Products like Claude Code, Codex, Cursor, and OpenClaw are built as assistants. They remember user preferences, adapt to interaction style, ask clarifying questions, maintain planning state, compact long conversations, and carry useful context across sessions.

The first problem is cost. Every added layer has to be prompted, logged, serialized, searched, sometimes summarized, and then interpreted by the model. Even when the layer is idle, its instructions and state can still consume context, add decision points, and slow the run.

The deeper problem is fit. An ALE run has no returning user to personalize for, no human to answer clarifying questions, and no second attempt that should inherit a preference from the first. The agent either produces the required artifact in this run or it does not. Product memory optimizes for an ongoing assistant relationship; ALE mostly asks for isolated task execution.

Context compaction shows why more layers do not automatically help. ALE-Claw and OpenClaw both watch trajectories against a 1M-token window and can summarize older turns when a run gets too large. The intended path is sensible: flush important facts to task memory, then compact older context into a smaller summary before continuing. That is useful insurance when work stretches across many sessions or related tasks. But in a single ALE run, the condition where it helps almost never appears: in the GPT-5.5 ALE-Claw logs, the threshold was never reached, and OpenClaw logged a compaction checkpoint in only about 2% of runs.

6. What's Next

For ALE-style evaluation with a capable model, a benchmark harness should be lean: expose the environment, keep context under control, give the model enough primitive tools to act, and get out of the way. ALE-Claw reaches the same accuracy neighborhood as heavier harnesses on far less time and money, which says the product layer was not the limiting factor here.

A lean harness also ages better. As Han-chung Lee argues, much of today's scaffolding exists to compensate for current model limitations, so a well-engineered 2026 harness is largely a 2026 artifact: the layers that look necessary now tend to dissolve into the next generation of models. The implication is to keep the harness thin and spend the hard engineering on the model and the evaluation, where the work compounds, rather than on scaffolding the next model may absorb.

Because harness changes move pass rate only modestly, that is not where harness work has the most leverage. The bigger gains are in efficiency and measurement: the same answer for fewer tokens, dollars, and minutes, and a clearer picture of which pieces of the harness actually carry weight.

Three directions look more valuable than adding more product features:

• Test weaker models.

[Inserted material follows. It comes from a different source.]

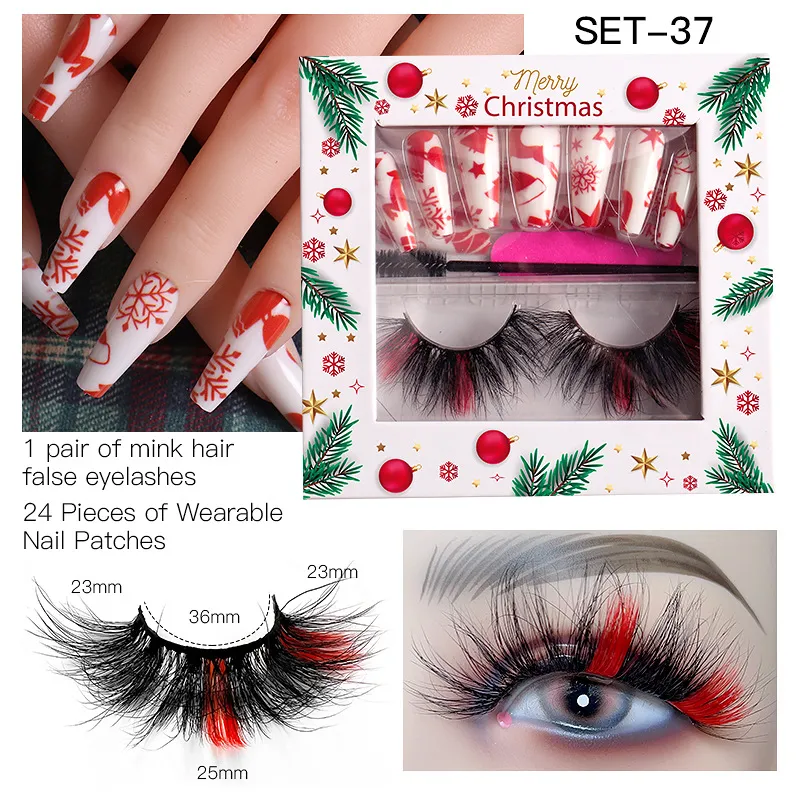 Faux cils multicouches réutilisables faits à la main et faux ongles Édition de Noël Curly Thick Mink Fake Lashes Extensions Maquillage pour les yeux Facile à porter DHL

Measure whether a richer harness helps weaker models more than it helps GPT-5.5. The model effect was measured under a fixed harness; the next test is whether harness engineering narrows the gap for weaker backbones.
• Evaluate cross-run behavior. This is where layers like compaction and cross-session memory would finally be exercised. They sit idle on single-run ALE, as the compaction logs above show, because they are built for agents that revisit related tasks, retry, or carry context across runs. A dedicated cross-run evaluation is the right place to see whether they pay off.
• Run real component ablations. ALE-Claw is a product-layer comparison, not a full component ablation. Remove compaction, GUI access, modular file tools, and sub-agent delegation one at a time to learn what actually changes outcomes.